Sie zählte zu den bemerkenswerten Persönlichkeiten der Pariser Bohème, die sich das Quartier du Montparnasse seit Anfang des 20. Jahrhunderts zum bevorzugten Künstlerviertel auserwählt hatte. In ihren Umgangskreisen wurde Gertrude Stein bald schon als „Sibylle von Montparnasse“ oder als „Hohepriesterin vom linken Ufer“ tituliert. Schließlich galt die gebürtige US-Amerikanerin, die sich seit 1903 in der Seine-Metropole niedergelassen hatte, als frühe Expertin, Mäzenin, Sammlerin und Prophetin avantgardistischer Kunst. Sie hatte in ihrer unweit des Jardin du Luxembourg gelegenen Wohnung in der Rue de Fleurus 27 einen mit vorwiegend zeitgenössischen Kunstwerken übervoll ausstaffierten Salon eingerichtet, in dem sich meist an Samstagabenden ein häufig wechselndes Grüppchen von damals größtenteils noch unbekannten Malern und Schriftstellern traf.

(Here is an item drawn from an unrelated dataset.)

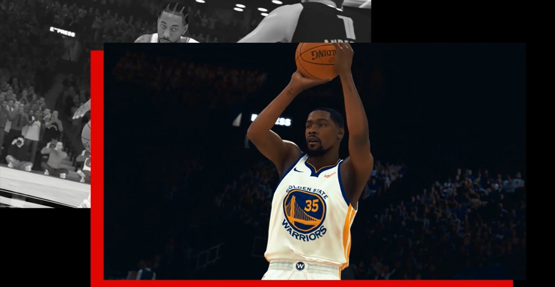 NBA2K20加速器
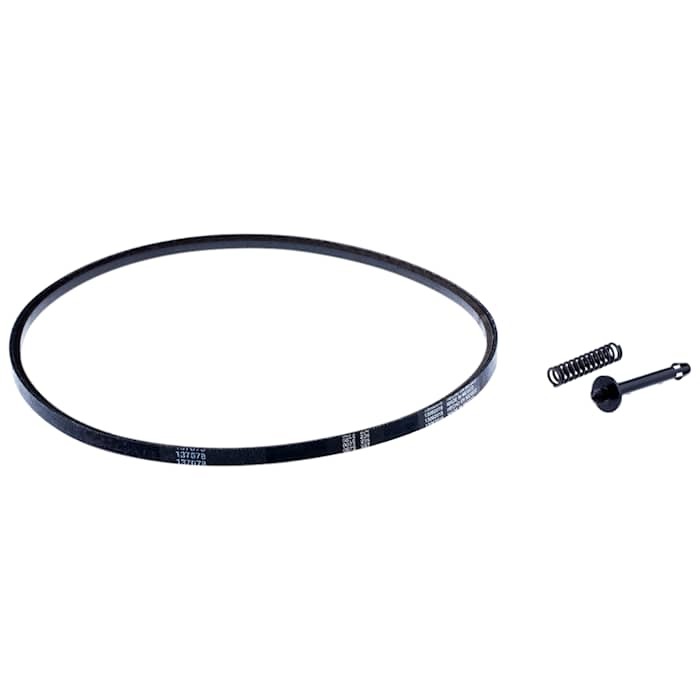 Rem i gruppen  hos Motorsågsbutiken (5321577-69)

Mit der Rolle der spendierfreudigen Gastgeberin allein wollte sich Gertrude Stein aber nicht zufrieden geben. Schließlich hatte sie selbst große künstlerische Ambitionen. Allerdings wollte sie nicht etwa zum Malerpinsel greifen, um Salon-Dauerbrennern wie Pablo Picasso, Félix Valloton, Georges Braque, Juan Gris oder Henri Matisse Konkurrenz zu machen. Als Schriftstellerin, die 1909 ihr erstes Buch mit dem Titel „Three Lives“ veröffentlicht hatte, sah sie sich aber zumindest auf Augenhöhe mit Kollegen wie Ernest Hemingway, F. Scott Fitzgerald, Ezra Pound oder James Joyce. In ihrem Buch „Jedermanns Autobiographie“ aus dem Jahr 1937 setzte sie die Messlatte noch höher: „Einstein war der kreative philosophische Geist des Jahrhunderts, und ich bin der schöpferische literarische Geist des Jahrhunderts gewesen.“ Diese an Größenwahn grenzende Selbsteinschätzung wurde freilich von niemandem geteilt.

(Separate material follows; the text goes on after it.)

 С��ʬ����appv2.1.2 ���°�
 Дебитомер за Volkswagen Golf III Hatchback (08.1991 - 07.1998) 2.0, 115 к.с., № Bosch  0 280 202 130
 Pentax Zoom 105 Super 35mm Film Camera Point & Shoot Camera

Überaus kühne Sprachexperimente
Allerdings steht außer Frage, dass Gertrude Stein eine der Mitbegründerinnen der literarischen Avantgarde war, dass sie neben Virginia Woolf, Katherine Mansfield, Hilda Doolittle, Djuna Barnes oder Janet Flanner eine der ersten Frauen war, die sich in der klassischen literarischen Moderne etablieren konnten. Mit ihren kühnen Sprachexperimenten hatte Gertrude Stein Neuland betreten. Deswegen wurde sie von ihrem in der Literaturwelt weitaus berühmteren Landsmann Thornton Wilder als „Mutter der Moderne“ geadelt. Das mag erklären, warum ihr immer wieder ein großer Einfluss vor allem auf die zeitgenössische amerikanische Literatur – von Sherwood Anderson über Ernest Hemingway bis hin zu F. Scott Fitzgerald – zugeschrieben wurde. Auch wenn es letztlich dafür an echten Belegen mangelt, wie der kanadisch-amerikanische Schriftsteller und Literaturprofessor John Malcom Brinnin schon in seiner 1960 veröffentlichten Biographie „Die dritte Rose. Gertrude Stein und ihre Welt“ anmerkte.

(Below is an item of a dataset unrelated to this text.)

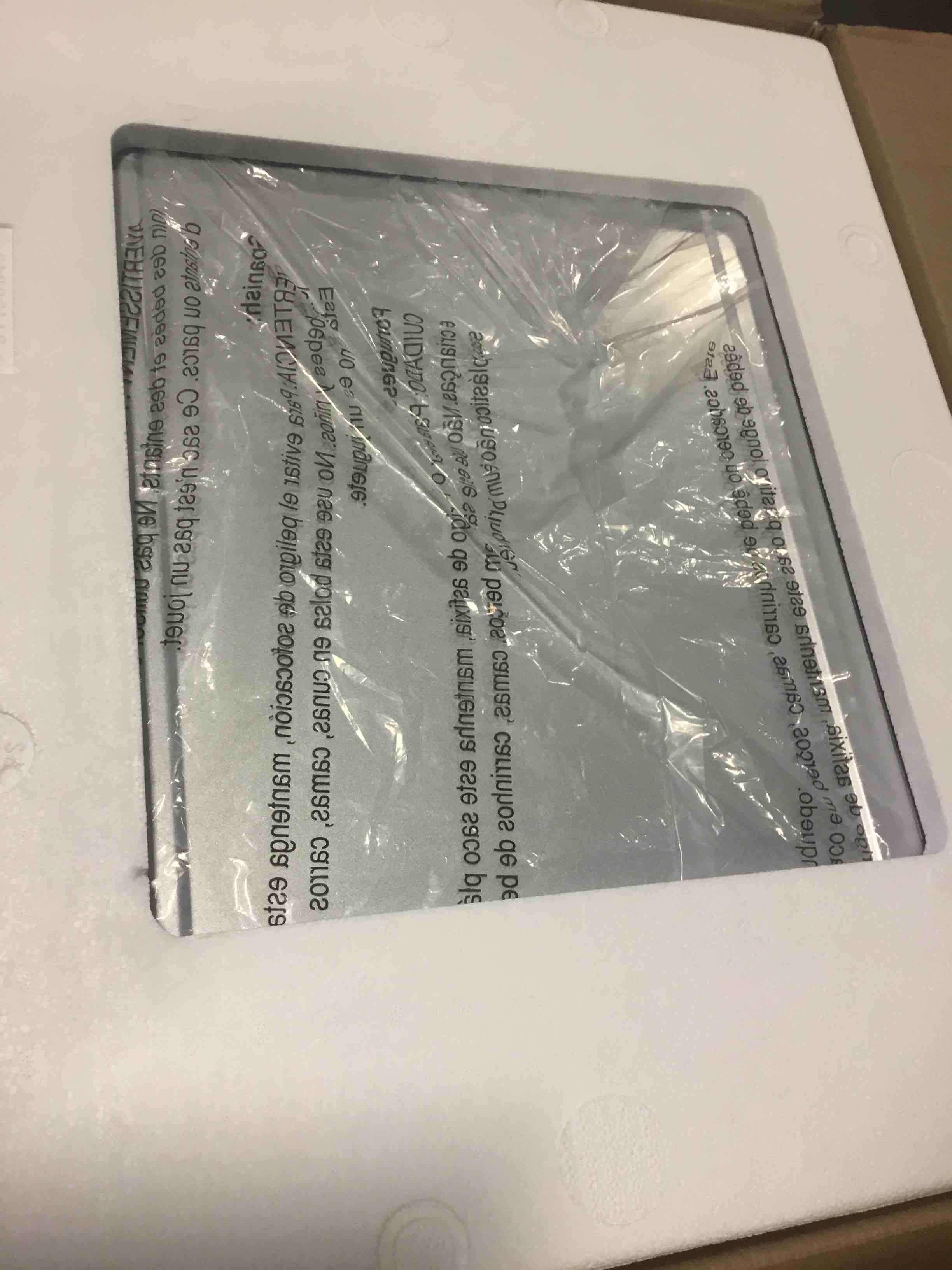 https://s3.amazonaws.com/lotting-images-prod/bidfta/ORG5257091_1699625064553.jpeg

Mit ihrem Konvolut von Romanen, Novellen, Essays, Gedichten, Porträts oder Bühnenwerken, für die sich größtenteils kein Verleger und auch kein größeres Publikum begeistern konnte, brauchte die vermögende Autorin kein Geld zu verdienen. Ab 1931 wurden ihre Bücher im Eigenverlag Plain Edition herausgegeben. Gertrude Stein selbst hatte ihr Werk in zwei Gruppen unterteilt: Bücher wie das monumentale, mehr als tausend Seiten starke, zwischen 1906 und 1911 verfasste, aber erst 1925 erschienene Opus „The Making of Americans“ oder der Kurzprosa-Band „Tender Buttons“ aus dem Jahr 1914 zählte sie zur radikal avantgardistischen Richtung. Sie waren selbst für hartgesottene Leser eine ziemlich unverdauliche Kost und fanden auch bei den meisten Kritikern keinerlei Gnade.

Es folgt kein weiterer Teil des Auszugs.